**DATA SEGMENT:**

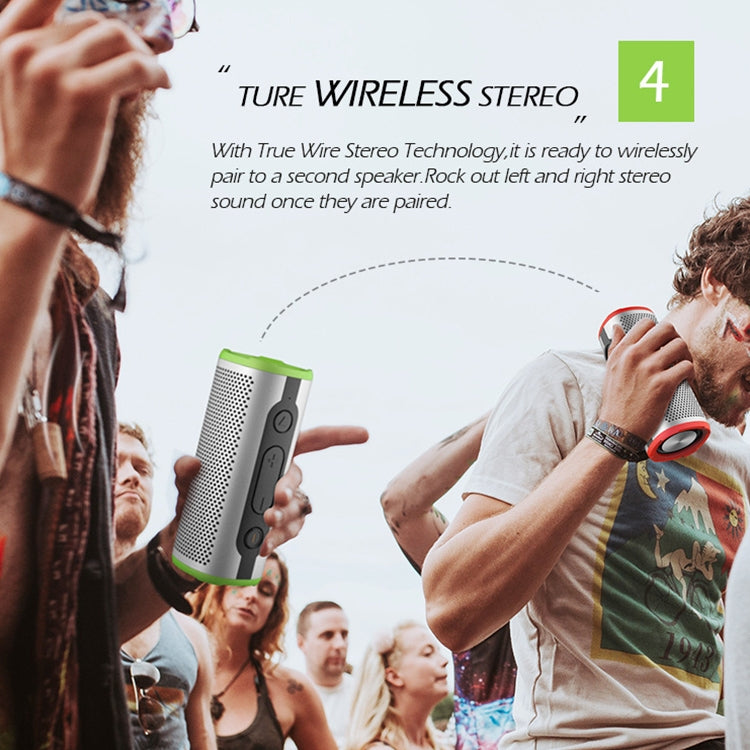 EBS-508 Portable Waterproof Outdoor Subwoofer Wireless Bluetooth Speaker (Green) - Waterproof Speaker by PMC TechLife | Online Shopping South Africa | PMC TechLife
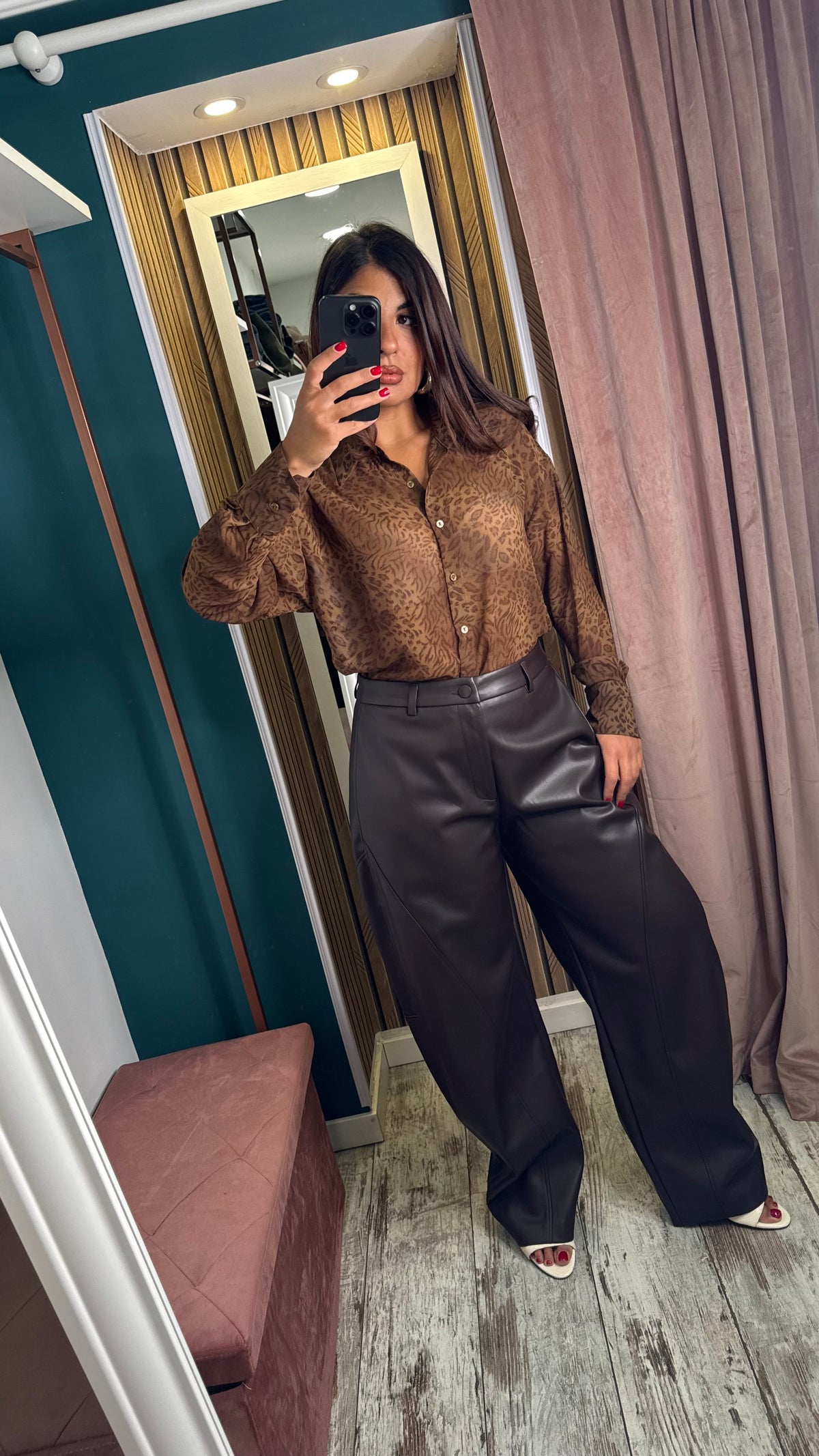 Camicia Maculata brown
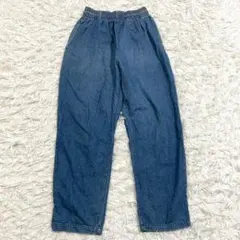 ラウンジウェアバイビーノ Lounge wear デニムパンツ M ハイウエストのサムネイル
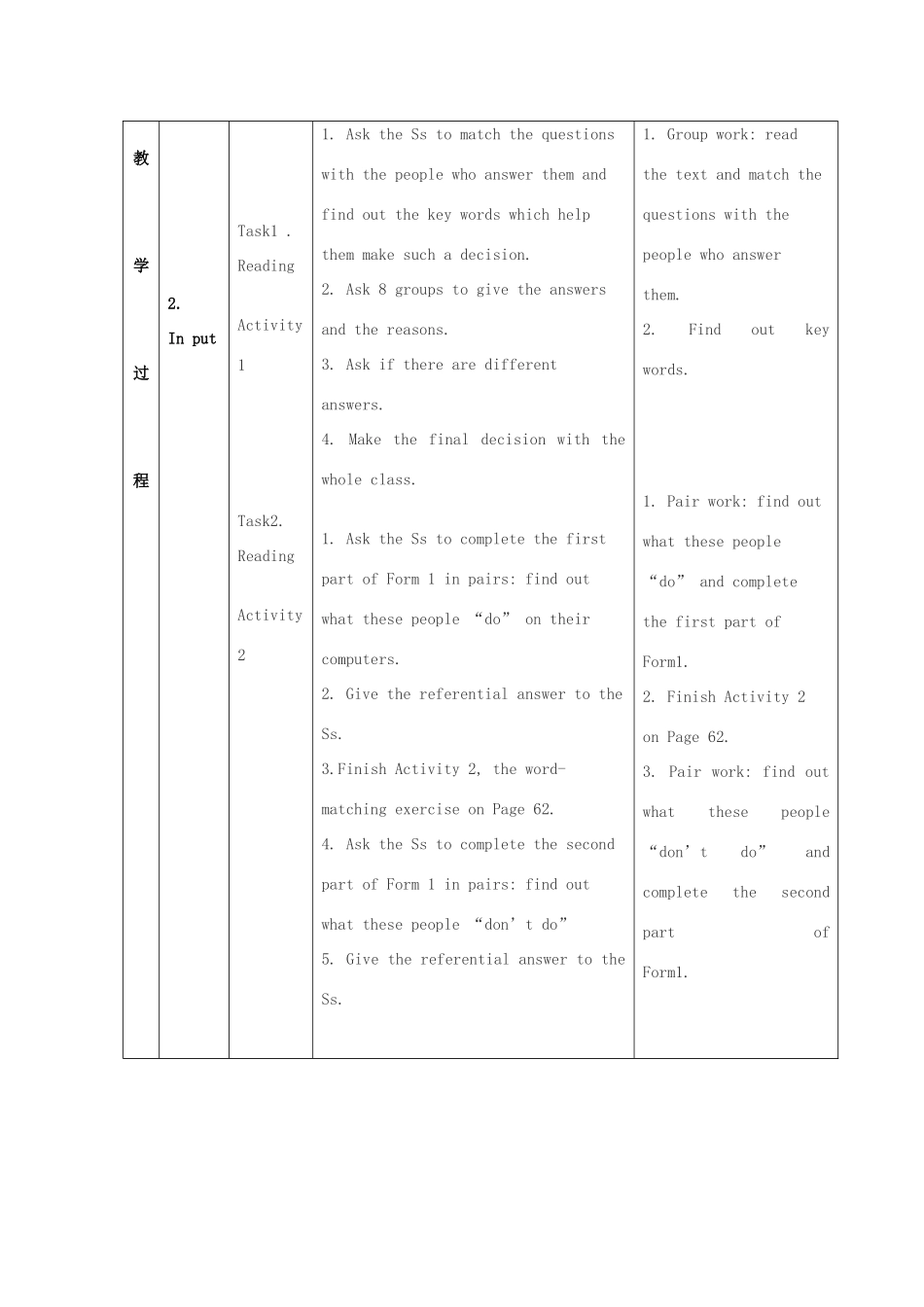 七年级英语 Module 10 Computers Unit 2 How often do you use a computer 教案及练习题 外研版_第3页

**WORK ORDER:** Copy the lines above exactly and exclude every image.

**OUTPUT FOR THIS EXERCISE:**
 EBS-508 Portable Waterproof Outdoor Subwoofer Wireless Bluetooth Speaker (Green) - Waterproof Speaker by PMC TechLife | Online Shopping South Africa | PMC TechLife
 Camicia Maculata brown
 ラウンジウェアバイビーノ Lounge wear デニムパンツ M ハイウエストのサムネイル
 七年级英语 Module 10 Computers Unit 2 How often do you use a computer 教案及练习题 外研版_第3页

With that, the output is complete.